Was cancelled because of you. You suck.


----------



## FireFly (Feb 22, 2013)

I am still here!


----------



## dblack (Feb 23, 2013)

Still flying.


----------



## TheOldSchool (Feb 23, 2013)

OP - I apologize, I didn't know about the show at the time!  I swear!  I was in middle school!

Of course if this thread is about Firefly the poster then ignore my previous statement.  And keep on flying.


----------



## dblack (Feb 23, 2013)

TheOldSchool said:


> OP - I apologize, I didn't know about the show at the time!  I swear!  I was in middle school!
> 
> Of course if this thread is about Firefly the poster then ignore my previous statement.  And keep on flying.

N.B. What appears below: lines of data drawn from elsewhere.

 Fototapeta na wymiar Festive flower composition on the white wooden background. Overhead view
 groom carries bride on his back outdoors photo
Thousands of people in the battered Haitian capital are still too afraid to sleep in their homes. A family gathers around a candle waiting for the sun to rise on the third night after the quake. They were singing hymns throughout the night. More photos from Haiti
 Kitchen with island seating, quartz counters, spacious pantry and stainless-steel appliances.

This thread is about the greatest television series to ever air.


----------



## TheOldSchool (Feb 23, 2013)

dblack said:


> TheOldSchool said:
> 
> 
> > OP - I apologize, I didn't know about the show at the time!  I swear!  I was in middle school!
> ...



Then I wish I could rep you a thousand times.  Have you seen the semi-reunion on syfy from earlier this year?


----------



## TheOldSchool (Feb 23, 2013)

[YOUTUBE]3Q3pdj9p6yI[/YOUTUBE]


----------



## Wacky Quacky (Feb 23, 2013)

Must give more rep!


----------



## editec (Feb 23, 2013)

Yeah, I enjoyed that show, too.


----------



## FA_Q2 (Feb 23, 2013)

Really?  That good huh.  Have not seen it myself but I am going to have to watch it now.  All the good shows end far to early.  I, for one, was pissed at the end to SGU.  That was an awesome show and was ended far to early.


----------



## dblack (Feb 23, 2013)

FA_Q2 said:


> Really?  That good huh.  Have not seen it myself but I am going to have to watch it now.  All the good shows end far to early.  I, for one, was pissed at the end to SGU.  That was an awesome show and was ended far to early.

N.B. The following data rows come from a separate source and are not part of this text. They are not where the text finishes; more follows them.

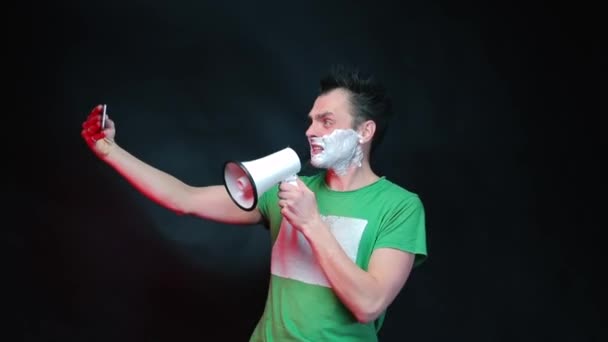 Homem agressivo com espuma no rosto, gritando em um megafone . — Vídeo de Stock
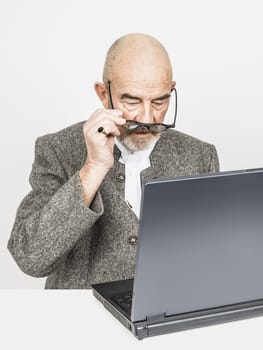 An old man with a grey beard and a computer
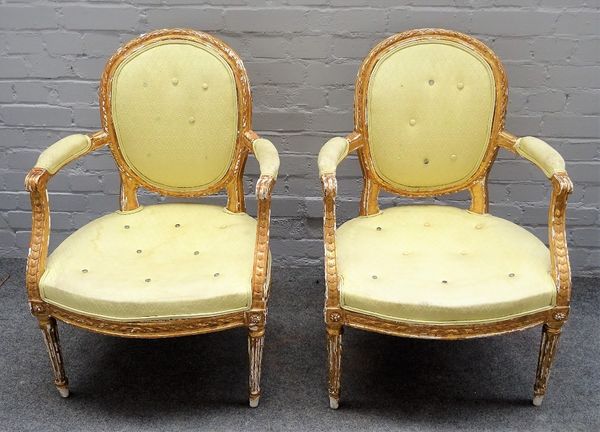 A pair of George III gilt framed open armchairs, with semi padded arms and bow seat on tapering fluted supports, 60cm wide x 88cm high, (2).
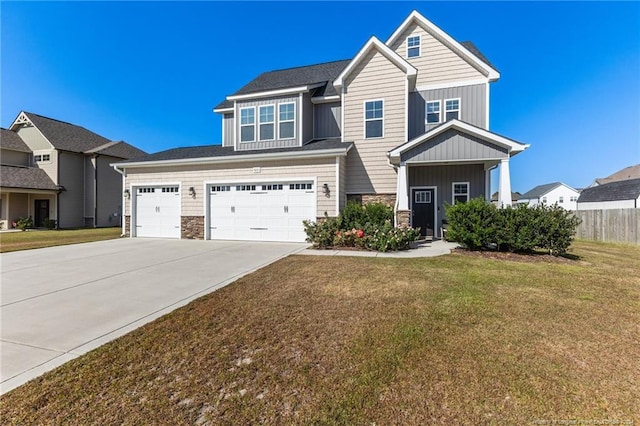 view of front of property featuring a front lawn and a garage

Indeed. Check out Firefly. I suspect it's cancellation (even ten years on) will piss you off as well.


----------



## PredFan (Feb 23, 2013)

Loved the show. And the movie.


----------



## JoeB131 (Feb 23, 2013)

dblack said:


> Was cancelled because of you. You suck.



Actually, it was cancelled because the Fox Network ran the episodes out of sequence, so they made less sense, they didn't promote the show properly and they put it in a crappy time slot. 

I think what happened is that they went to Joss Whedon and said, "Give us another Buffy", and Joss came back with this weird space show that had Chinese-speaking Cowboys in it, and they said, "What the fuck?"  

It was a great show, and it is an acquired taste.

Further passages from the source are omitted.